Eleven local independent bookstores, or indies, are participating to spread the word about what they bring to Hampton Roads.

Erin Dougherty owns Eleanor’s Norfolk. She organizes events all year long — three book clubs, a queer writers’ meetup, yoga classes, and a mutual aid network. She came up with the bookstore crawl, and sees it as a way to unite the stores as well as their respective communities.

“Like there's Prince Books, there are small businesses who have that community, I just want to broaden that and bring it together in a more cohesive way,” Dougherty said. “Where it's not just like the Local Heroes crowd and the, you know, Eleanor's crowd, but we see each other and we're like, Hey, we're in this together.”

Participants get a “passport” at the first shop they stop at, and every location they visit will give them a stamp. At their last bookstore, they’ll leave their passport — and be entered into a raffle to win a prize basket. The more bookstores participants visit, the more entries they’ll have in the raffle.

Independent bookstores offer multiple ways for people to come together — not just through traditional books.

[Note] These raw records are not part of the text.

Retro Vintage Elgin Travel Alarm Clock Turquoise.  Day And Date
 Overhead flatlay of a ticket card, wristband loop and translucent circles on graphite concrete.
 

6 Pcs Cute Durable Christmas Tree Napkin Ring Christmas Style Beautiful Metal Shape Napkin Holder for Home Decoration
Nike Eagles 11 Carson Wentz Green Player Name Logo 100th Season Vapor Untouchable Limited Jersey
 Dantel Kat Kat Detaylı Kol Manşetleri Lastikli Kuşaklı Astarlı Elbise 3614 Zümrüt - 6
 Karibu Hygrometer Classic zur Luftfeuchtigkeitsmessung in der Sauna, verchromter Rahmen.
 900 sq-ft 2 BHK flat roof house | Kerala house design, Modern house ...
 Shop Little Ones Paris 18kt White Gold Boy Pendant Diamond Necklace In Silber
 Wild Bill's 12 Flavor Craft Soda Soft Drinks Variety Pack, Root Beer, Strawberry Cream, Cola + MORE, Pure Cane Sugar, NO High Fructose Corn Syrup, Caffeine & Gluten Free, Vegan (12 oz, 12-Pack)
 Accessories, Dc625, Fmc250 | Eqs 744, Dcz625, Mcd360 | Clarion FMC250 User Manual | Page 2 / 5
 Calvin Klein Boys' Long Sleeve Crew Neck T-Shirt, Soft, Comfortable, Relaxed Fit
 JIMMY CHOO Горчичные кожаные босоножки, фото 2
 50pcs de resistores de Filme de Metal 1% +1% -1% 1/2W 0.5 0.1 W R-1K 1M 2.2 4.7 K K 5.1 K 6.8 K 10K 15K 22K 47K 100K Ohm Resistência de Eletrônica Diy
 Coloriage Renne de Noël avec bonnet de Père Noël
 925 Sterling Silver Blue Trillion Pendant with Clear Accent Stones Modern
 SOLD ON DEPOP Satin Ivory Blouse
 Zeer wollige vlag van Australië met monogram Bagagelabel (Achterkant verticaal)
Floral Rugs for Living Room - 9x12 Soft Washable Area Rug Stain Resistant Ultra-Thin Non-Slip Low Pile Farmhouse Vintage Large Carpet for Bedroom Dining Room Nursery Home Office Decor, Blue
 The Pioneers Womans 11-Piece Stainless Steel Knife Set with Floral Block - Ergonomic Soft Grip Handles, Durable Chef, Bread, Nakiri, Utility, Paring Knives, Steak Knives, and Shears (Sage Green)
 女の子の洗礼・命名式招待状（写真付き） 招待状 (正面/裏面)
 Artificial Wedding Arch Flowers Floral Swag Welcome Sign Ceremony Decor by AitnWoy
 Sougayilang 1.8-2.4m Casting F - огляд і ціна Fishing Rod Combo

“It was a lady that came in the store the other day and she wanted to know if we had audio books,” said Tikesha Williams, owner of Paperbacks Ink in Newport News. “We had a whole lot of audio books.”

The woman, who Williams said is partially blind, has come back three times since.

“She told us that the libraries don't carry them anymore … She loved reading a book back in the day, but she can't do it as well now, so she's able to use audiobooks,” Williams said.

Williams bought Paperbacks Ink last November – the store’s been around for forty years, weathering the rise of Barnes and Noble and Amazon.

“I always wanted to own a bookstore,” she said.

Thirty years ago, stores like Borders and Barnes & Noble took the bookselling world by storm. They opened locations all over, lowballing book prices and sending local bookstores out of business.

Fifteen years later, Amazon did the same to them. Borders failed; Barnes & Noble reorganized how it appealed to customers.

And indies came back.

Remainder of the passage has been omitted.